Я уже сказал где-то в этом очерке, что принципом Рембрандта было выделить в вещах из всех элементов один или, вернее, отвлечься от всех, чтобы полнее овладеть одним. Таким образом, во всех своих работах Рембрандт производит анализ и дистилляцию или, выражаясь благороднее, творит скорее как философ, чем как поэт.
Никогда действительность не покоряла его своей цельностью. Когда смотришь, как он писал тело, можно усомниться, интересовался ли он его формами. Он любил женщин, но замечал только деформированные тела, любил ткани, но не копировал их. И если в изображении наготы ему не хватало грации, красоты, чистых линий и изысканности, то он восполнял это, изображая нагое тело гибким, упругим, округлым, с такой любовью к плоти и таким пониманием смысла живого существа, что это приводит в восторг живописцев. Выделяя необходимое ему, он разлагал все — цвет, так же как и свет. Таким образом, освобождая облик от всего многообразного, конденсируя в одно все рассеянное, он мог рисовать без контуров, делать портреты почти без видимых черт, писать без колорита, сосредоточивать весь солнечный свет в одном луче. Невозможно в пластическом искусстве пойти дальше в познании бытия в себе. Красоту физическую Рембрандт заменял духовным выражением, воспроизведение вещей — почти полным их преображением, исследование — умозрением психолога, точное, умелое или наивное наблюдение — озарениями ясновидца и видениями, которым он верил настолько искренно, что сам обманывался. Благодаря этому дару двойного зрения, этой интуиции лунатика он в области сверхъестественного видит дальше, чем кто бы то ни было. Жизнь, которая ему грезится, носит отпечаток какого-то другого мира, делающий жизнь реальную почти холодной и бледной. Посмотрите в Лувре на его «Женский портрет», висящий в двух шагах от «Любовницы» Тициана. Сравните эти два существа, рассмотрите как следует обе картины, и вы поймете различие между обоими умами. Идеал Рембрандта, подобный сну, который видят с закрытыми глазами, — это свет: нимб вокруг предметов, фосфорическое сияние на черном фоне. Все это смутно, неопределенно, эфемерно и ослепительно, состоит из неуловимых очертаний, готовых исчезнуть раньше, чем художник их закрепит. Остановить видение, перенести его на холст, придать ему форму, рельеф, сохранить его хрупкую ткань, сообщить блеск — ив результате крепкая, мужественная и основательная живопись, не менее реальная, чем всякая другая, и не уступающая Рубенсу, Тициану, Веронезе, Джорджоне, ван Дейку. Вот что пытался сделать Рембрандт. Сделал ли он это? Всеобщее мнение — ответ на этот вопрос.

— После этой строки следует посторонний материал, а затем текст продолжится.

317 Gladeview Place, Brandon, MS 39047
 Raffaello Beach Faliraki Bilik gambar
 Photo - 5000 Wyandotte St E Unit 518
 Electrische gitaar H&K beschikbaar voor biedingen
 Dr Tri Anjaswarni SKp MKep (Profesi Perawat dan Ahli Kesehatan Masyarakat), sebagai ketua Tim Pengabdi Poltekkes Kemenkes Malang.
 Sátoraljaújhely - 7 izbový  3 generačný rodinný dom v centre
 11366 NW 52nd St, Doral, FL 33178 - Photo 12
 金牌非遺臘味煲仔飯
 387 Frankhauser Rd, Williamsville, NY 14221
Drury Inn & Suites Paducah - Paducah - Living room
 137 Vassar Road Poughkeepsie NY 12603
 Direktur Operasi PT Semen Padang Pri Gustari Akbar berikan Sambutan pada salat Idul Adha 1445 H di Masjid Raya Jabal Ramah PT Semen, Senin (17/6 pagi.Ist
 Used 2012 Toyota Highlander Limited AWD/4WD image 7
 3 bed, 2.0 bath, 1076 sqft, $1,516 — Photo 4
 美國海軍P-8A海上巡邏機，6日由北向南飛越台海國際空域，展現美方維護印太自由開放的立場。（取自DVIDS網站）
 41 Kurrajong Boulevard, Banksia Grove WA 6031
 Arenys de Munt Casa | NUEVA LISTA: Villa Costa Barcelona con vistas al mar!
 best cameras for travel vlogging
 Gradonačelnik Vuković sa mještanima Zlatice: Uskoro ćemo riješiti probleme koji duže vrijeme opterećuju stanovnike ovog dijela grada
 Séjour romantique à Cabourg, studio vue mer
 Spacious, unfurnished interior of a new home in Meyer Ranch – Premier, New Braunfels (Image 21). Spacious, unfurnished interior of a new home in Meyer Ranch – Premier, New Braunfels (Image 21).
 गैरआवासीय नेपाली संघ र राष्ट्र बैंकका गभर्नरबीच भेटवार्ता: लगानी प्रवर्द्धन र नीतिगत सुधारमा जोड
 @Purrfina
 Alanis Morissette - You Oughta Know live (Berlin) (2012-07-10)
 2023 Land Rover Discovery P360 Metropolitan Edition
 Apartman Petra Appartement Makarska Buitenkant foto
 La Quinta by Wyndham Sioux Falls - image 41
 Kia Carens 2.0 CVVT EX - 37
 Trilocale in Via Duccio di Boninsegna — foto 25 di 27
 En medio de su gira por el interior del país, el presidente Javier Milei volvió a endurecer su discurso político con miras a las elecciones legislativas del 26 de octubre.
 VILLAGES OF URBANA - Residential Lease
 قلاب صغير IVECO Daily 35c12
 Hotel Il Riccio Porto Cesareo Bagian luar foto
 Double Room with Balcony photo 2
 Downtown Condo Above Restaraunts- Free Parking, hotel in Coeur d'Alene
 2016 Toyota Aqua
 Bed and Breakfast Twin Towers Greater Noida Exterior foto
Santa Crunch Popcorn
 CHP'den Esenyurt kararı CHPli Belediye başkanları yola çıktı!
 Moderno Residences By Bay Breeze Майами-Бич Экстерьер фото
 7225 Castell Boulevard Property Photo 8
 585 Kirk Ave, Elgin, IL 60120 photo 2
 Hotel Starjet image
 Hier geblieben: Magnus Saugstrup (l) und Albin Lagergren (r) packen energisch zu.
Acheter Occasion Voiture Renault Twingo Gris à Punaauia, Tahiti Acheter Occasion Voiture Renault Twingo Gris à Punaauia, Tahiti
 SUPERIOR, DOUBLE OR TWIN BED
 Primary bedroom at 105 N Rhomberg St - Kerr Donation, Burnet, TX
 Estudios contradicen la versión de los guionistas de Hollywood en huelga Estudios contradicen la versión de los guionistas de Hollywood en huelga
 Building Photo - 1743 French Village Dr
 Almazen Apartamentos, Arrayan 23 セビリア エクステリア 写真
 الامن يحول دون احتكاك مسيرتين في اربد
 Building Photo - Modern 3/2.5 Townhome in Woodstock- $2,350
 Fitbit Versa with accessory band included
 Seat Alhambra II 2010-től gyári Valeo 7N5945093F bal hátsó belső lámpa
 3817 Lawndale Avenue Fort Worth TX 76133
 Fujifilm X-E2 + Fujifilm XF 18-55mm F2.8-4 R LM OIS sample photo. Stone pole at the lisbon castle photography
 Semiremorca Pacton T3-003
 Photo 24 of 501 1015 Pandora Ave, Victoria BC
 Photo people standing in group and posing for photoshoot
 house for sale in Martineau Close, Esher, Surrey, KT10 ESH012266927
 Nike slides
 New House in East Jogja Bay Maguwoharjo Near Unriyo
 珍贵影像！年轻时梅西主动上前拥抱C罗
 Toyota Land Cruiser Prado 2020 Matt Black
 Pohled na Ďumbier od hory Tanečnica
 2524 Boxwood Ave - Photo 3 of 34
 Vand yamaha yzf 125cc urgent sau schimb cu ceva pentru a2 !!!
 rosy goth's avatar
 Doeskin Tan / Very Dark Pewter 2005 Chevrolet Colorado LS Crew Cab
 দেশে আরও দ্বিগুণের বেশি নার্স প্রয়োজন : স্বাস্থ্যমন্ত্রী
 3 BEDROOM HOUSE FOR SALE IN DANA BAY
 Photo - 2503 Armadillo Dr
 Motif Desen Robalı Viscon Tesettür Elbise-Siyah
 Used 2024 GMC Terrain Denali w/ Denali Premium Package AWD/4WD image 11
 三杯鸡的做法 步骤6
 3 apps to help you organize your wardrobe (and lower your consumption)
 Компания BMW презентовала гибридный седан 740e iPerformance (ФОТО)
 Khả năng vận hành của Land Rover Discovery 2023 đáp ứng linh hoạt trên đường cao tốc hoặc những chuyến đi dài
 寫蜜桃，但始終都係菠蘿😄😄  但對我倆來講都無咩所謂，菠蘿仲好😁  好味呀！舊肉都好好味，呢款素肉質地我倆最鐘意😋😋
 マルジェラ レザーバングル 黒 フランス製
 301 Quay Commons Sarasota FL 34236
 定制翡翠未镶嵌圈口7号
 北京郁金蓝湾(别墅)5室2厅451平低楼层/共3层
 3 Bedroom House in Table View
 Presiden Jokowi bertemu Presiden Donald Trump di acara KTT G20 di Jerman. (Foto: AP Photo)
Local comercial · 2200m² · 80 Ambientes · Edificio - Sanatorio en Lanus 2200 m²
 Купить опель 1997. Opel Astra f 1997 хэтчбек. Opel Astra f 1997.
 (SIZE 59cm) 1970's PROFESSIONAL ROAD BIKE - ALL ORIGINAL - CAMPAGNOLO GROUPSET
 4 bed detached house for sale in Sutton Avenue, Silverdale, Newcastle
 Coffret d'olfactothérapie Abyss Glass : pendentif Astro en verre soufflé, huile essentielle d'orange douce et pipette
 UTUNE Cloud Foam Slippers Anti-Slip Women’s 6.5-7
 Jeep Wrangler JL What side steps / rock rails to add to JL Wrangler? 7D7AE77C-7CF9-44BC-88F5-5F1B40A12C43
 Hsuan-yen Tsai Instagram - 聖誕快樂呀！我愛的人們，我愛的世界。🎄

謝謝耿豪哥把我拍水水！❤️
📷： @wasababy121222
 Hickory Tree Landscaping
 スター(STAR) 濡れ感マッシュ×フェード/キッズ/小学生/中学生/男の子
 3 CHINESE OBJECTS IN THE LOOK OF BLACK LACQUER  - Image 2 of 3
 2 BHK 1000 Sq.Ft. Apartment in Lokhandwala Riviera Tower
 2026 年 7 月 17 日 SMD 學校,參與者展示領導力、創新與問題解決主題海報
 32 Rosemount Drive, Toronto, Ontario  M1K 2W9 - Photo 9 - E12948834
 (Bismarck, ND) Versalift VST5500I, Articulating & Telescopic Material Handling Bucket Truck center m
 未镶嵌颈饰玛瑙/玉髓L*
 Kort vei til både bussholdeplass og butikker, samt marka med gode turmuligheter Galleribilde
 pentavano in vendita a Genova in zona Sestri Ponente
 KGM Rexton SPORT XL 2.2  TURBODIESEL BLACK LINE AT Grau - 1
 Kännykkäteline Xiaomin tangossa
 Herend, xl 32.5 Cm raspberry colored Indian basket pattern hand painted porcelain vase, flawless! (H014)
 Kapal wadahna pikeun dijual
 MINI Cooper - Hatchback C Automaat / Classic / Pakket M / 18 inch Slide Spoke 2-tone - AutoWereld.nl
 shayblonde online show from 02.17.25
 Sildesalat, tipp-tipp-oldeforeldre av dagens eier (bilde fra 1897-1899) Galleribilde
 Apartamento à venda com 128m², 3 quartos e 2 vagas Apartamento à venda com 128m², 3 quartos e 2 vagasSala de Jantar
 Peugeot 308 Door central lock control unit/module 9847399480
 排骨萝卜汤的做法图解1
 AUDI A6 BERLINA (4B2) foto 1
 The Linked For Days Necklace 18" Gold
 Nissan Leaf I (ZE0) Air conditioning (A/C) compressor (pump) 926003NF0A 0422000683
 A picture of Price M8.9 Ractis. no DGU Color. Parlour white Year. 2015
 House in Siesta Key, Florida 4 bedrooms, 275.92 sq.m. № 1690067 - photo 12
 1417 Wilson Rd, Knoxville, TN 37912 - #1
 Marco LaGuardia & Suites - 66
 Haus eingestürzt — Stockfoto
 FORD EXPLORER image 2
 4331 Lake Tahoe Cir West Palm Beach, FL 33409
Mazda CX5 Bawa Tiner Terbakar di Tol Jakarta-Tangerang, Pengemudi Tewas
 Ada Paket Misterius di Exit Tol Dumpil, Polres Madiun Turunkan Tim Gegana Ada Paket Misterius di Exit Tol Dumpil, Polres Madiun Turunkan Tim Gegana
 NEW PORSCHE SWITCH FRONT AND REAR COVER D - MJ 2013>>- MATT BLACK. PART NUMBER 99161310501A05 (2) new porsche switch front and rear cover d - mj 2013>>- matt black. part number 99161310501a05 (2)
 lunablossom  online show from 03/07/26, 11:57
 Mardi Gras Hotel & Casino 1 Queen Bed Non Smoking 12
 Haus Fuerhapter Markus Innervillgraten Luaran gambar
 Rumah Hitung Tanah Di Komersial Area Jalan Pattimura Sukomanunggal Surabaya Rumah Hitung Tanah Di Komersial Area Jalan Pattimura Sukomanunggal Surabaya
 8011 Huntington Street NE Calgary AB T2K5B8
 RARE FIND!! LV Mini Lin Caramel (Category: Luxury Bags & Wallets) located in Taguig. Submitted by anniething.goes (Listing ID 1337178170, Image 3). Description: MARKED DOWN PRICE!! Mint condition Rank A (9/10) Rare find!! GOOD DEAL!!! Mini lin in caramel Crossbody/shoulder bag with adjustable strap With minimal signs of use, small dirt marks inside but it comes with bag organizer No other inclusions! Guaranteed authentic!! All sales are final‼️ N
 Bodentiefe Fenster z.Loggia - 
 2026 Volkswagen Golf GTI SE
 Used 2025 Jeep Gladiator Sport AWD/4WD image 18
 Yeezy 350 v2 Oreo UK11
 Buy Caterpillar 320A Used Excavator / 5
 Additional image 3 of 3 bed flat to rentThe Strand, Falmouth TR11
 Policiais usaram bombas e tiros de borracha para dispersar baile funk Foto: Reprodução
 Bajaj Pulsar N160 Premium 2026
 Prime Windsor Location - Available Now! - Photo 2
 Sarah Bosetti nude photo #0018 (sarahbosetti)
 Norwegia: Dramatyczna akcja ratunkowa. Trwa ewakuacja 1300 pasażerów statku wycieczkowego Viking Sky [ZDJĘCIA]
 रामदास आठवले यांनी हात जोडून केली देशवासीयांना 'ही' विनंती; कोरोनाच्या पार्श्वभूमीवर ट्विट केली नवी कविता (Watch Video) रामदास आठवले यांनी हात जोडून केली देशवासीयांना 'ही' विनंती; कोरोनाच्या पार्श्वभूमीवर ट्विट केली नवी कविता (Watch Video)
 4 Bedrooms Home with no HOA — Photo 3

Еще одно последнее слово. Применяя к Рембрандту его собственный метод, извлекая из этого столь обширного творчества и из этого многостороннего гения то, что определяет его сущность, сводя его к прирожденным элементам и исключая палитру, кисти, масляные краски, лессировки, грунт, весь механизм его живописи, мы придем, в конце концов, к тому, что уловим его первичную сущность в гравюре. Рембрандт весь целиком в своих офортах. Его ум, стремления, фантазии, мечты, здравый смысл и химеры, попытки изобразить неизобразимое и открыть реальность в небытии — все это обнаруживается в двадцати его офортах, которые позволяют предчувствовать живописца и, более того, объясняют его. Та же техника, та же целеустремленность, та же небрежность, та же настойчивость, те же необычные приемы, то же отчаяние и тот же внезапный успех в выражении. Внимательно сравнивая луврского «Товия» с каким-нибудь офортом Рембрандта, я не вижу между ними никакой разницы. Нет никого, кто не поставил бы этого гравера выше всех других граверов. Не заходя так далеко в суждении о его живописи, было бы хорошо почаще вспоминать его «Лист в сто гульденов», особенно когда затрудняешься понять Рембрандта в его картинах. Тогда мы увидели бы, что весь шлак этого искусства, труднее всякого другого поддающегося очистке, ничуть не приглушает несравненно прекрасного пламени, горящего в нем. Я полагаю, что тогда все определения, которые когда-либо давали Рембрандту, пришлось бы заменить противоположными.